4 weight lifting exercises you can begin right now
Seated shoulder press: This targets the shoulders. Sitting upright on a workout bench, begin with dumbbells held straight up above your head. Then gently bend your elbows and lower the dumbbells until they fall in line with your shoulders. Without stopping, drive straight back up to the start position. Aim for 3 sets of 13-15 reps.
Hip thrust: This targets your glutes and you should aim for 3 sets of 15-20 reps, using a 20kg barbell and 5kg weights on each side. Sit with your back against a bench on the floor and roll barbell to the front of your hips. With your knees bent, and with your shoulders on the bench, drive your hips off the floor until your back is parallel. Gently lower your hips downwards, and then drive it back up again.
Single arm row: This is great for your biceps and back, helping to reduce back pain and improve posture. To do this, start with your right knee and right hand on a bench, while your left foot is stepped out wide and with a dumbbell hanging down in your left hand.
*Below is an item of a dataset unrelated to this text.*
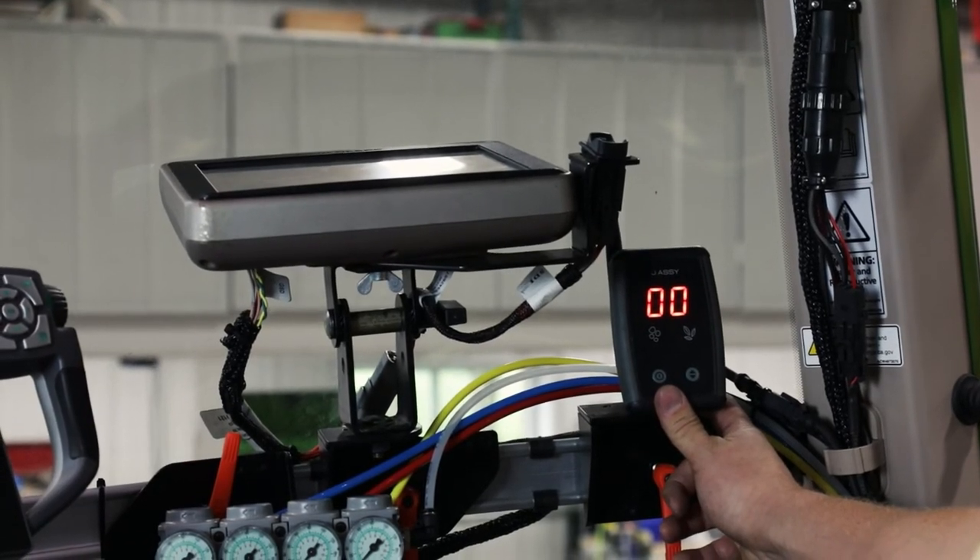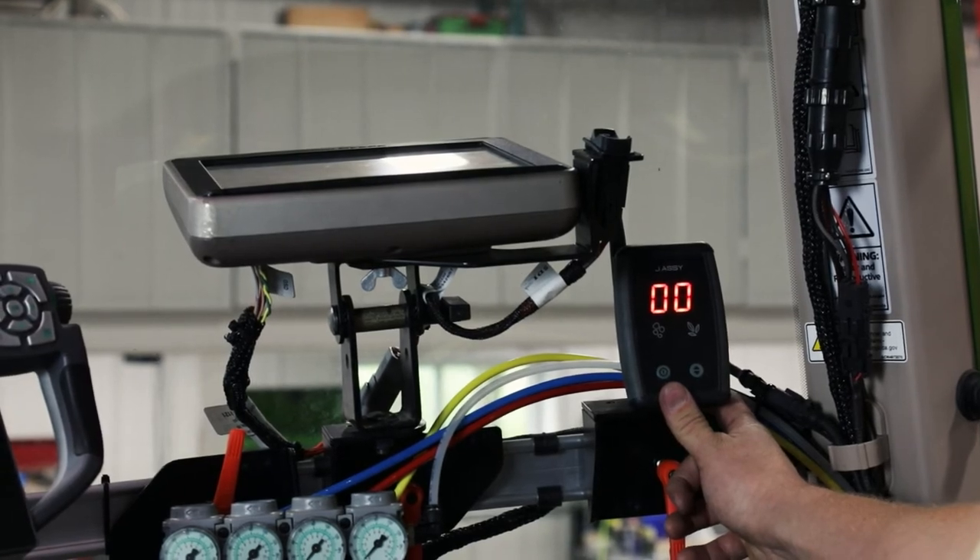Power the VESA monitor with the supplied power adapter. Secure any extra power cords under the format.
Drive your left elbow up, lifting the dumbbell to your torso while your back stays in a neutral position, and with the left knee soft. Lower back to start. Aim for 2 sets of 8-10 reps on the left side with a 90 second rest, then alternate sides.
Deadlift: Place an Olympic bar on the floor and stand with your feet hip-width apart. Grip the bar with hands a little wider than your feet are. Driving with legs, stand up straight, with your shoulders back, and your arms straight down. Keep the bar close to your body as you return to the floor; while maintaining a flat back. Aim for 3 sets of 10-12 reps.